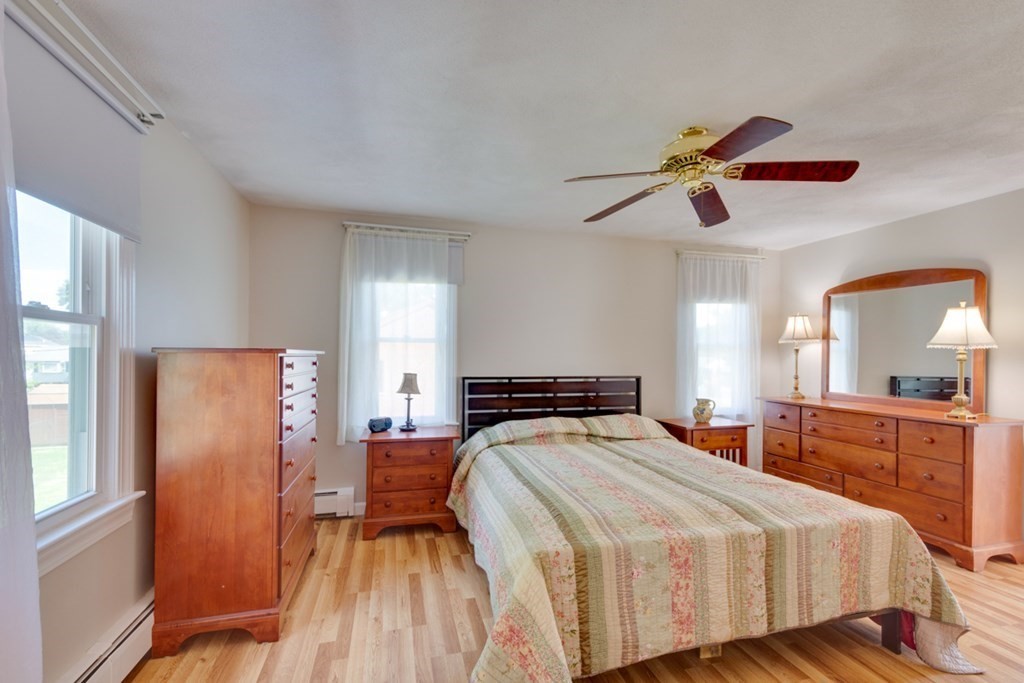 29 Anna Road Woburn, MA 01801 - Photo 11 of 29 a bedroom with a bed and a chandelier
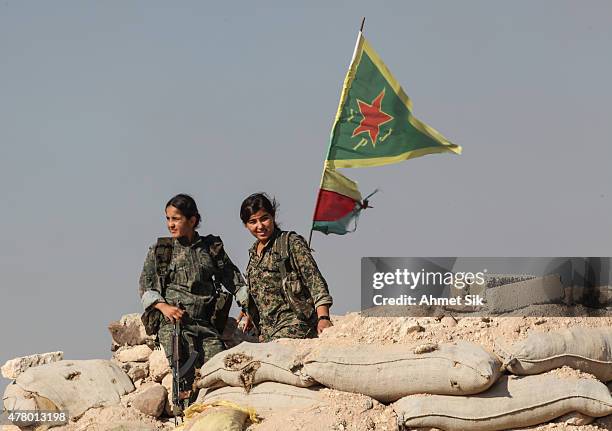 Kurdish People's Protection Units, or YPG women fighters pose as they stand near a check point in the outskirts of the destroyed Syrian town of...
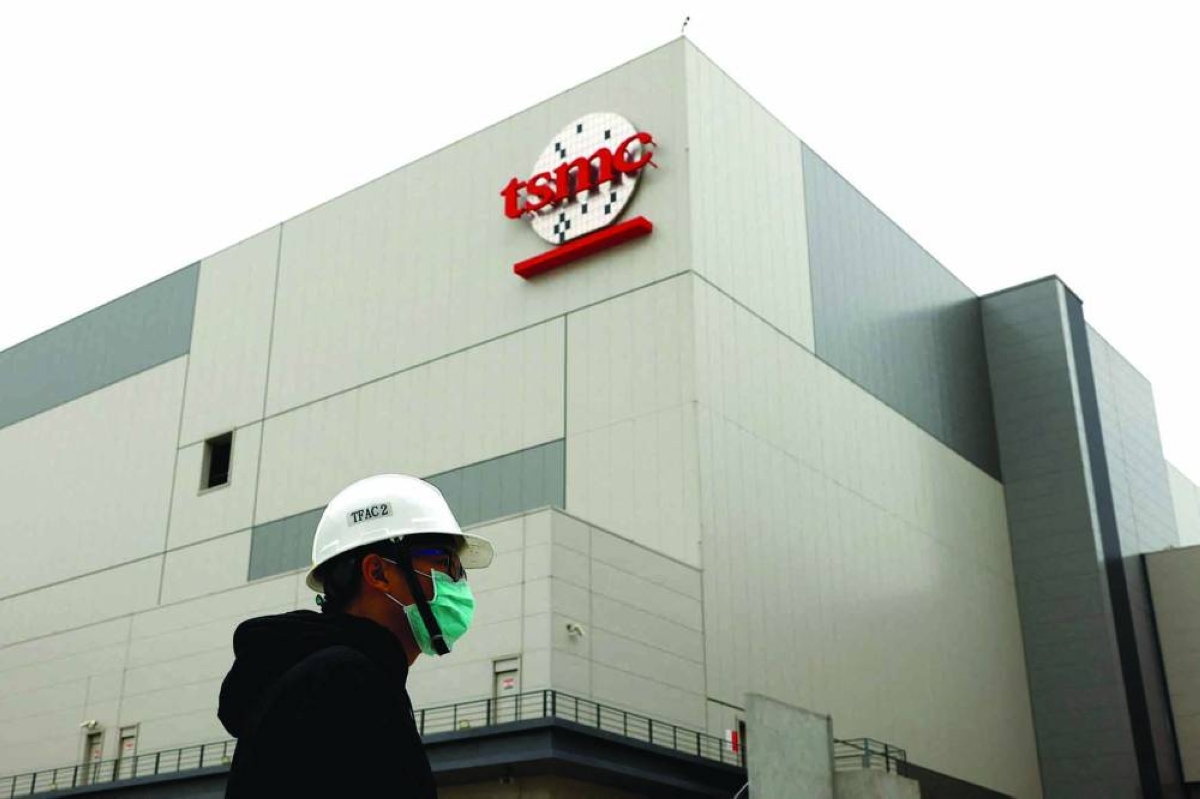 A logo of Taiwanese chip giant TSMC is seen at southern Taiwan science park in Tainan. TSMC is the world's largest contract maker of chips, used in everything from smartphones to missiles, and counts Nvidia and Apple among its clients.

_What the task requires_.
Please give back exactly, and with no pictures, the lines from where the listing above begins through the line containing "Kurdish People's Protection".

_Exercise response_.
 29 Anna Road Woburn, MA 01801 - Photo 11 of 29 a bedroom with a bed and a chandelier
 Kurdish People's Protection Units, or YPG women fighters pose as they stand near a check point in the outskirts of the destroyed Syrian town of...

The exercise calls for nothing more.